Python + ML/Data Science

You are building a machine learning project with Python 3.12+, using scikit-learn and/or PyTorch for modeling, pandas/polars for data processing, and MLflow or Weights & Biases for experiment tracking. Reproducibility and clean separation between data, features, and modeling code are primary concerns.

Code Style & Structure

- Use full type hints on all function signatures. Document tensor/array shapes in docstrings: `# shape: (batch, seq_len, hidden_size)`.

- Follow PEP 8. Format with `ruff format`. Lint with `ruff check --select ALL`.

- Avoid magic numbers. Define all hyperparameters in a config dataclass or YAML file. Never hardcode learning rates, batch sizes, or architecture parameters in model files.

- Use `dataclasses` or Pydantic v2 `BaseModel` for configuration objects. Load configs at runtime.

Project Structure

```

data/

raw/ # Original, immutable input data — never modified

processed/ # Cleaned, feature-engineered, ready-for-model data

src/

data/

loaders.py # Dataset loading, splitting (train/val/test)

transforms.py # Feature engineering, preprocessing pipelines

validation.py # Schema validation with pandera

models/

architectures.py # Model class definitions

training.py # Training loop, optimizer setup, scheduling

evaluation.py # Metrics, confusion matrix, threshold analysis

features/ # Feature selection, importance analysis

utils/

reproducibility.py # Seed setting, deterministic flag configuration

logging.py # Structured logging, MLflow run context

configs/ # YAML experiment configs per model variant

notebooks/ # Exploration only — no production code

tests/

models/ # Saved checkpoints, ONNX exports

```

Data Processing

- Validate data at every pipeline entry point: check dtypes, null percentages, value ranges, and row counts.
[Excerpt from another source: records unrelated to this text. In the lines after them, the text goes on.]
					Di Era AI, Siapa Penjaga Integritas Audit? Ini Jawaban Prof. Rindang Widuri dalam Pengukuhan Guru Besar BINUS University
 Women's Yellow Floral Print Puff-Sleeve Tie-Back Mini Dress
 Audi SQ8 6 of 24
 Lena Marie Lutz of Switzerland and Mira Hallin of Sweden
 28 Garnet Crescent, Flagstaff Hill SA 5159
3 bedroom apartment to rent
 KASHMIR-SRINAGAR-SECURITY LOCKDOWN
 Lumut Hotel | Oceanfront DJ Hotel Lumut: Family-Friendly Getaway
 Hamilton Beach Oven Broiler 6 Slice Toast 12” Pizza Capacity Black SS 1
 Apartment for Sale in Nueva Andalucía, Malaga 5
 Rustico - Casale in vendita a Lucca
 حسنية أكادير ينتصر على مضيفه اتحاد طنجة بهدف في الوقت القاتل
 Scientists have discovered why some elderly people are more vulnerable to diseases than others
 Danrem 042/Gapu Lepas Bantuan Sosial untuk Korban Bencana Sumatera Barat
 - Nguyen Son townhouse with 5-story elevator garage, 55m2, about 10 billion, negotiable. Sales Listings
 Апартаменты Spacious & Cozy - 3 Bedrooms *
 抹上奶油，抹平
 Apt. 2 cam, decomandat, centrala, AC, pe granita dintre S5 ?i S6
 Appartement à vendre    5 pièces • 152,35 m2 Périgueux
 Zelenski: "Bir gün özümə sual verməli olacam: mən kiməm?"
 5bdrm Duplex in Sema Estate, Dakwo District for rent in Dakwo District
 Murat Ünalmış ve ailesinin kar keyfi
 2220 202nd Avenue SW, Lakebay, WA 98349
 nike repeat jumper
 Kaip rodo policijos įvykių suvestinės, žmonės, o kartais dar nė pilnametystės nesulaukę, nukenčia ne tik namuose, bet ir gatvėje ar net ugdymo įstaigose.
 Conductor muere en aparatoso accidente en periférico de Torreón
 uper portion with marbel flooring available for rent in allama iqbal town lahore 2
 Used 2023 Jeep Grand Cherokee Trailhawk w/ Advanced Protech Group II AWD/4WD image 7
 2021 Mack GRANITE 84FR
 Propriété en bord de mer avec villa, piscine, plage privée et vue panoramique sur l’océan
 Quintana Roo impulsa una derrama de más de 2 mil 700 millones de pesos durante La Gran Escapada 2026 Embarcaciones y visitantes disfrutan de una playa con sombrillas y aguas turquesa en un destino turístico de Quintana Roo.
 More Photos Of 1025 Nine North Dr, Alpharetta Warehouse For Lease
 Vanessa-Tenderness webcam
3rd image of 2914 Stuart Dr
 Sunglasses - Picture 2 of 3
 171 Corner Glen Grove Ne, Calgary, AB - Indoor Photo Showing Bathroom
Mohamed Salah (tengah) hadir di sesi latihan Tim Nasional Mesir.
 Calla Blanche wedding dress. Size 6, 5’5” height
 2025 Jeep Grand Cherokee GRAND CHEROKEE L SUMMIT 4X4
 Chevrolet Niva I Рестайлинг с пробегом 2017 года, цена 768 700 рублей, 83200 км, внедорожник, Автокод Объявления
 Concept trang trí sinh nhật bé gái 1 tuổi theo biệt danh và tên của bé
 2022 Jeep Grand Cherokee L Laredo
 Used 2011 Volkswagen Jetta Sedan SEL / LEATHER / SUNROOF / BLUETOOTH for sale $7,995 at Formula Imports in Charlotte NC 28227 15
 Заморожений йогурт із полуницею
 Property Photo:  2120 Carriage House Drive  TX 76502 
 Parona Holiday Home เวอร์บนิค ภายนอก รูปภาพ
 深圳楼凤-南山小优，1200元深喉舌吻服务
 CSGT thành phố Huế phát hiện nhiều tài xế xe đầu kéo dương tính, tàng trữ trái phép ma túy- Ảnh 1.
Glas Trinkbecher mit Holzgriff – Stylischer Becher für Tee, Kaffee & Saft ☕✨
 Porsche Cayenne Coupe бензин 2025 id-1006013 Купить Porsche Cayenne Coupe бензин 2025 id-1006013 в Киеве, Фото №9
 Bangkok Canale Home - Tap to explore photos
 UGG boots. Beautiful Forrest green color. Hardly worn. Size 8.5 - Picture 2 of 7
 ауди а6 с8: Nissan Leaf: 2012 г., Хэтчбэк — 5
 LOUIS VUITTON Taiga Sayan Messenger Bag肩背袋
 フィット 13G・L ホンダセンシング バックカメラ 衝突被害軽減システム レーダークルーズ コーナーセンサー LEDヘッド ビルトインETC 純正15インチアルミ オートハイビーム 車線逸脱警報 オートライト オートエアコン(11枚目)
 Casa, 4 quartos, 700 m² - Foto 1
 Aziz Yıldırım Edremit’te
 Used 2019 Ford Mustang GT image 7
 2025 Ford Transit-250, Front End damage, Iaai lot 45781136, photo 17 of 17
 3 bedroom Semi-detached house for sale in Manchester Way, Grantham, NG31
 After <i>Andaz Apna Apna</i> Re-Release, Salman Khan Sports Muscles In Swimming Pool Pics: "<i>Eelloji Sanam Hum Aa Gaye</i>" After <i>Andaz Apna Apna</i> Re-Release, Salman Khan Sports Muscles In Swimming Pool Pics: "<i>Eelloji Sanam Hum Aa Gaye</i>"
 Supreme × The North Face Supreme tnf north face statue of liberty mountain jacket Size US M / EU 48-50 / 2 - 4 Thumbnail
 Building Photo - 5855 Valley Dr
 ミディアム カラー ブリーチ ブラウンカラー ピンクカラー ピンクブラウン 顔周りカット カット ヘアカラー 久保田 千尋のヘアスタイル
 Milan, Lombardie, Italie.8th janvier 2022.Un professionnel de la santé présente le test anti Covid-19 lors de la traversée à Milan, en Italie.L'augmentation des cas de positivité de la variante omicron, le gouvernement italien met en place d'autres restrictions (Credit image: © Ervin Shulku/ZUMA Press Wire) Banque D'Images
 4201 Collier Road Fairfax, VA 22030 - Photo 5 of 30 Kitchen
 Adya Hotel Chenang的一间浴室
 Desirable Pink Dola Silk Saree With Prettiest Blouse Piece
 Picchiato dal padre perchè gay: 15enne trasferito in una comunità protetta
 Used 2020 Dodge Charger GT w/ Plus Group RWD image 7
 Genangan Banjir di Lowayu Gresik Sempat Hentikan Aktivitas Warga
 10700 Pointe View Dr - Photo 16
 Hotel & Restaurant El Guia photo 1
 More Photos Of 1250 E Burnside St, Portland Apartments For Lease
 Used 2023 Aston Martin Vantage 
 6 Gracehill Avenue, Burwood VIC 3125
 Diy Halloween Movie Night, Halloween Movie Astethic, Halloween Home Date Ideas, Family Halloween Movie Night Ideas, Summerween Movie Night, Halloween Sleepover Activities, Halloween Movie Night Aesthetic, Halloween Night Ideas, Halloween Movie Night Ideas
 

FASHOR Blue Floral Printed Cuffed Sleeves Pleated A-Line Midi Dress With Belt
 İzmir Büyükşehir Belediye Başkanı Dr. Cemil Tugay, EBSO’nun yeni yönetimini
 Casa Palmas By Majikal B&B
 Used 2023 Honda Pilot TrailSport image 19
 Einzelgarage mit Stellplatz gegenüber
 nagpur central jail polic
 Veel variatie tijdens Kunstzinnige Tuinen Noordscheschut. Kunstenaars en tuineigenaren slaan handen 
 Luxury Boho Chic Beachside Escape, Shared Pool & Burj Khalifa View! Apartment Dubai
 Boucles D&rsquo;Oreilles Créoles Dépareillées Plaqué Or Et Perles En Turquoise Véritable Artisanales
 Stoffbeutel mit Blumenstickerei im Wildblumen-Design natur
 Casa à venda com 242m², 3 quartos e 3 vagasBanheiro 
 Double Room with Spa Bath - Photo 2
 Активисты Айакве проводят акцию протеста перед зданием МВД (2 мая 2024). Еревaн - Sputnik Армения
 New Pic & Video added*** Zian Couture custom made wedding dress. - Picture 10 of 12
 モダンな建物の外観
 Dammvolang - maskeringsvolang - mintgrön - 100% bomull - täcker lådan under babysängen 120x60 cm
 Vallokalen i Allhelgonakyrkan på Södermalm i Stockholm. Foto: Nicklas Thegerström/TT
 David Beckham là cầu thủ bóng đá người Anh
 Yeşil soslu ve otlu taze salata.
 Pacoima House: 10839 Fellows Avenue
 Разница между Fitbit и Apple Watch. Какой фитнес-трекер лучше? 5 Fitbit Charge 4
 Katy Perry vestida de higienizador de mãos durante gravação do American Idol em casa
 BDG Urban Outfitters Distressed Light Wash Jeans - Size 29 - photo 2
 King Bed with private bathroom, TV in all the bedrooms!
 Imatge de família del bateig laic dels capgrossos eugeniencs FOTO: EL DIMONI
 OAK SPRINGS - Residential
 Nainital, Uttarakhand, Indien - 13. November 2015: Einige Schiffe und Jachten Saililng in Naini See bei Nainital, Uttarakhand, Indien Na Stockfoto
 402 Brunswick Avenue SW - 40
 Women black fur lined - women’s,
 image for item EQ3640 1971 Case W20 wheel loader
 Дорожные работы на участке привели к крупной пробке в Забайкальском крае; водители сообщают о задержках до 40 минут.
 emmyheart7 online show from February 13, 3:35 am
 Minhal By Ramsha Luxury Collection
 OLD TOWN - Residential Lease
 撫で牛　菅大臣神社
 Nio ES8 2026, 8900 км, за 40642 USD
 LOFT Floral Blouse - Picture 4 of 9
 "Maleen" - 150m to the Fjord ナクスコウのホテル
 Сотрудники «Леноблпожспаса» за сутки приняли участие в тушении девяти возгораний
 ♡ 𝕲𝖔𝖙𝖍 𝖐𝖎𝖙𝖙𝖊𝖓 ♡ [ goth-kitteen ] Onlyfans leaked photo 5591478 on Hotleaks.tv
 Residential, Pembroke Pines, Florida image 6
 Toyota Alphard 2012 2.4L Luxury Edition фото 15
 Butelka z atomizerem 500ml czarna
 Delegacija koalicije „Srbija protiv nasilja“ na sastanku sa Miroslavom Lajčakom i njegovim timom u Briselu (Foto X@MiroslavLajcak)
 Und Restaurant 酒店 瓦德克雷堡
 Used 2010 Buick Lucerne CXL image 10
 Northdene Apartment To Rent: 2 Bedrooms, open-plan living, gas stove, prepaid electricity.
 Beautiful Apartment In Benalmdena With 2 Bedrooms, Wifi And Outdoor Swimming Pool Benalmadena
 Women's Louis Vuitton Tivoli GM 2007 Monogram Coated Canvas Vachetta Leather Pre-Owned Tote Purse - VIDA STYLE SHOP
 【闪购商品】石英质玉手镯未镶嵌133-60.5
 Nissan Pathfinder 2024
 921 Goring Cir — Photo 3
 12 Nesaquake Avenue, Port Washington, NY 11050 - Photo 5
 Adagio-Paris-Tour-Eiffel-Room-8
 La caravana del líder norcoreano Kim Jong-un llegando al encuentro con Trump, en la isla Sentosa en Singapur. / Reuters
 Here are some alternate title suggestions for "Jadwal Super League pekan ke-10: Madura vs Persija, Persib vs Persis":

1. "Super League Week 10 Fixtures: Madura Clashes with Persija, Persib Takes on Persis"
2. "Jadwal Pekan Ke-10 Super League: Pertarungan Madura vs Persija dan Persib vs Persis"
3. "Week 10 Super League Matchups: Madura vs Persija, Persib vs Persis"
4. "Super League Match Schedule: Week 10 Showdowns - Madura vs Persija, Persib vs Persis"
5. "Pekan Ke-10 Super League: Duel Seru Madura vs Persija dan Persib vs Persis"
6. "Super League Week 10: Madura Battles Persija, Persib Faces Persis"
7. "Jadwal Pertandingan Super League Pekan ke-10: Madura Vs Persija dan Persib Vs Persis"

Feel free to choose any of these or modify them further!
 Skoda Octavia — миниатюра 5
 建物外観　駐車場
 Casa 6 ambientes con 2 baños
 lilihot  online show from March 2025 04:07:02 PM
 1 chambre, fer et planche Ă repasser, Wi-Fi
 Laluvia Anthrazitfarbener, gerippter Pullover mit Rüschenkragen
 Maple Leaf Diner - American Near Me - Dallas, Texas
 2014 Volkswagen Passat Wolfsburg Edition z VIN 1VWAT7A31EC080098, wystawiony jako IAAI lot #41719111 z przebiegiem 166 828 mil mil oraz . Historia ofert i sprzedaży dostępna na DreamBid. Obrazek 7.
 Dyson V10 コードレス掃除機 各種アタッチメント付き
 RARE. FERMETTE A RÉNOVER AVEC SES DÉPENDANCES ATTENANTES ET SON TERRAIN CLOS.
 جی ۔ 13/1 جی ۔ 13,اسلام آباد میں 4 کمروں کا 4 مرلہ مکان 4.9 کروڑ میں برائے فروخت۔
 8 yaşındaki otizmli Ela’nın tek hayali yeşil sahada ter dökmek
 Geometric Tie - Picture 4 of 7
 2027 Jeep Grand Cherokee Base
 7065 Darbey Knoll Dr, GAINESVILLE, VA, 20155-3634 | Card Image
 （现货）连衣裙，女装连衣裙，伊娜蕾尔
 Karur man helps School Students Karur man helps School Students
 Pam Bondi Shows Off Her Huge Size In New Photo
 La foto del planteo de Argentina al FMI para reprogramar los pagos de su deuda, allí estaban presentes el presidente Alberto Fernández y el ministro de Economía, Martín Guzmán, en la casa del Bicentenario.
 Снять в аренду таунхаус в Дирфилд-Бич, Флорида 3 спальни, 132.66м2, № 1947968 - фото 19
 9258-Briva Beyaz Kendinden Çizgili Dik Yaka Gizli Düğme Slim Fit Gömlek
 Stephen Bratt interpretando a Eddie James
- Use `pandera` or `great_expectations` schemas to assert data contracts. Fail fast on schema drift.

- Write idempotent pipelines — running the same pipeline twice on the same input must produce identical output.

- Log data statistics at each transformation step: shape, null counts, min/max, mean/std.

- Store intermediate results as Parquet files. Parquet preserves dtypes and is 10–20x faster to read than CSV.

- Use `sklearn.pipeline.Pipeline` to encapsulate preprocessing + model into a single estimator. It prevents data leakage from fit state during cross-validation.

Model Development

- Implement the `fit/predict` contract for custom estimators. Subclass `sklearn.base.BaseEstimator` and `TransformerMixin` or `ClassifierMixin`.

- Keep model architectures (PyTorch `nn.Module`) separate from training loops. Training logic lives in `training.py`.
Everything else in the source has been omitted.